If this is true with physical care and nutrition, how much more so with spiritual vitality. You can’t pastor your kids if you’re running on empty yourself. They need to see that you really believe that you need and love the Lord Jesus before they can believe that they need him too. By God’s grace he saves kids despite our flaws, so please don’t feel condemned, but I am trying to encourage you (and myself) that by carving out time to spend with God, we are actually doing a wonderful thing for our kids. Even if it means parking them in front of the TV for fifteen minutes so you can read your Bible. Oh yes! Remember that Jesus always took time out to spend with the Father, despite all the people who were desperately dependent on him: ‘… crowds of people came to hear him and to be healed of their illnesses. But Jesus often withdrew to lonely places and prayed.’ (Luke 5:15-16)

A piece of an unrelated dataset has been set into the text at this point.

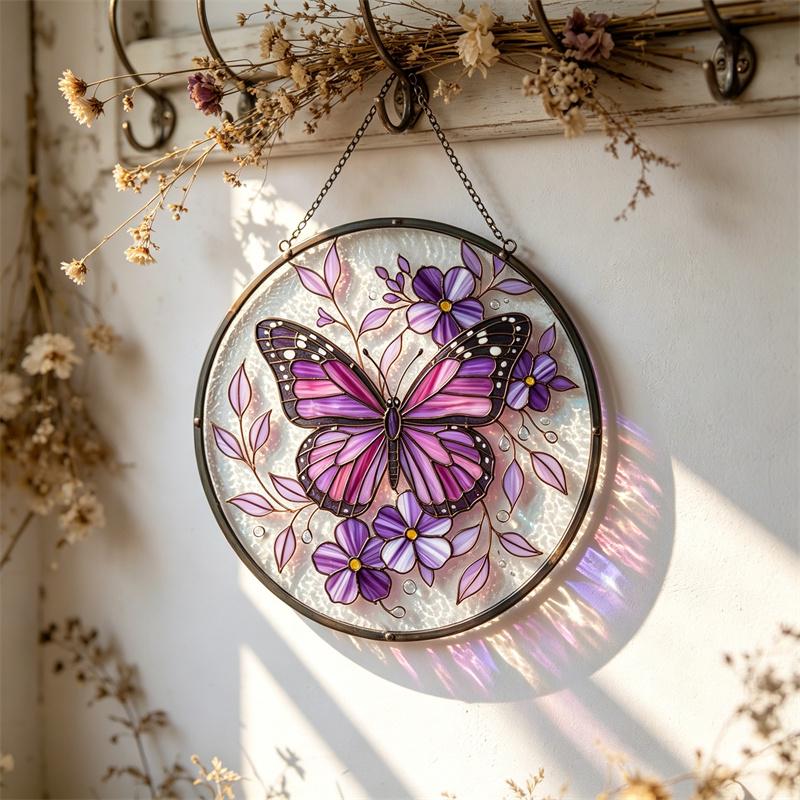 Purple Butterfly Glass Suncatcher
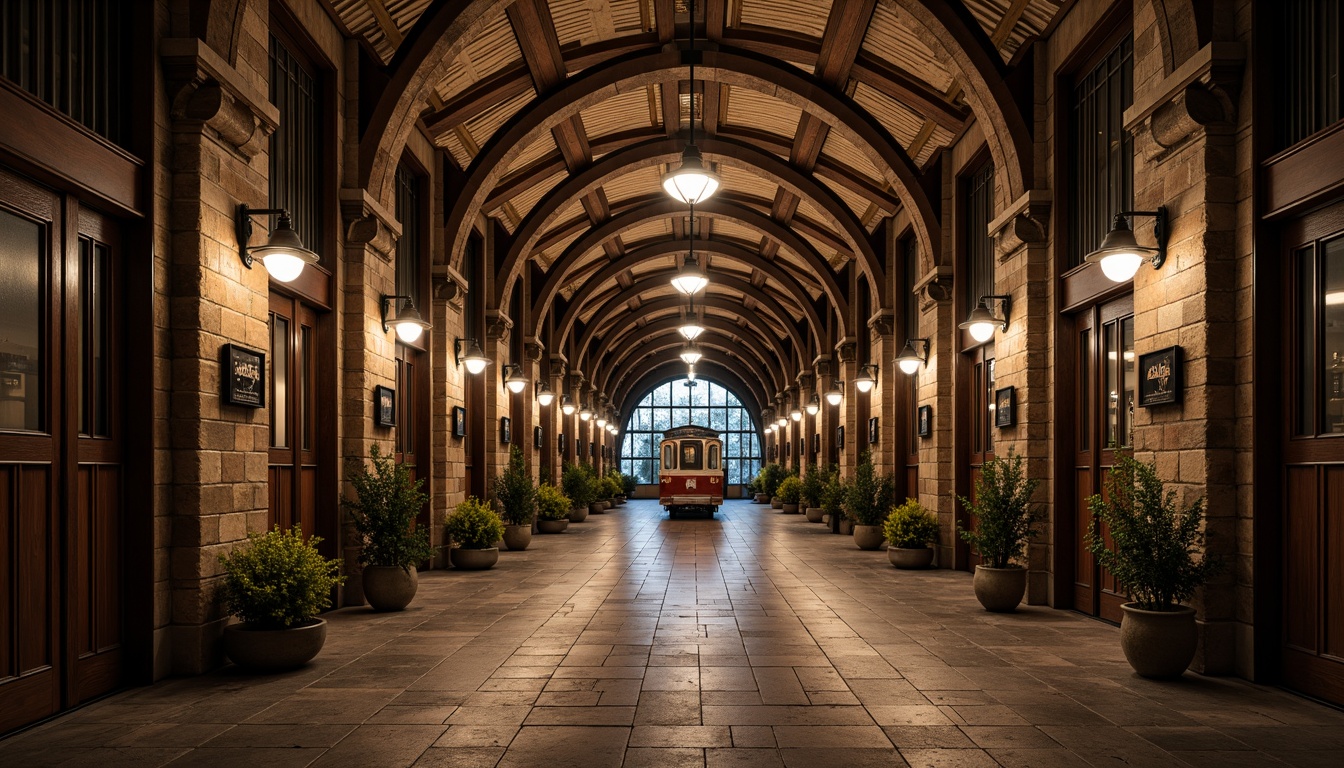 Prompt: \Rustic metro station, arched ceilings, stone walls, brick masonry, ornate carvings, grand entrance halls, high vaulted spaces, natural stone floors, intricate ironwork, medieval-inspired architecture, warm artificial lighting, atmospheric ambiance, dramatic shadows, 1/2 composition, low-angle shot, rich textures, cinematic mood.\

You might be thinking, ‘Yes I know all this, but how do I do it?’ This varies depending on who you are and what your situation is. It might be that you could listen to talks at home, or that you and a friend can check up on each other, or you could get up earlier (no, really!) to start the day with the Bible. One mother-of-many told me once that she has three time slots in the day in which to do her Quiet Time, and if she misses the first one she’ll do it the second, etc. Giving yourself three chances a day seems realistic to me. I could list a dozen ideas, but I think the main thing is this: believe it matters. Believe what God says about his Word – that we need to feed on it every day. We need to remember it! And pray for God’s help – by his Spirit he can give us more faith that His word is what we need, more than coffee and a crumpet. Recruit babysitters, or early-morning-texters, or crèche helpers – whatever it takes. Fight for your life.